Web page caption snippets
********************

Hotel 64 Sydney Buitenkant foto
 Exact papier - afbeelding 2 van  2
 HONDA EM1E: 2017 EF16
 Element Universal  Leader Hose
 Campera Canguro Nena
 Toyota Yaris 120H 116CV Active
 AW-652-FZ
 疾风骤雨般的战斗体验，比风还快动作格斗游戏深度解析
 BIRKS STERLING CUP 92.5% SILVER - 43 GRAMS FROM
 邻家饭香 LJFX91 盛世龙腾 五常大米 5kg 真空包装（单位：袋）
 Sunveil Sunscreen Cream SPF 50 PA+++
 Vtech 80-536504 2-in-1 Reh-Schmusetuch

********************

§ **How to complete this task**
Could you retype exactly the lines from the one containing "Toyota Yaris 120H 116CV Active" through the final line of the data above, and no others?

§ **Solution to the exercise**
 Toyota Yaris 120H 116CV Active
 AW-652-FZ
 疾风骤雨般的战斗体验，比风还快动作格斗游戏深度解析
 BIRKS STERLING CUP 92.5% SILVER - 43 GRAMS FROM
 邻家饭香 LJFX91 盛世龙腾 五常大米 5kg 真空包装（单位：袋）
 Sunveil Sunscreen Cream SPF 50 PA+++
 Vtech 80-536504 2-in-1 Reh-Schmusetuch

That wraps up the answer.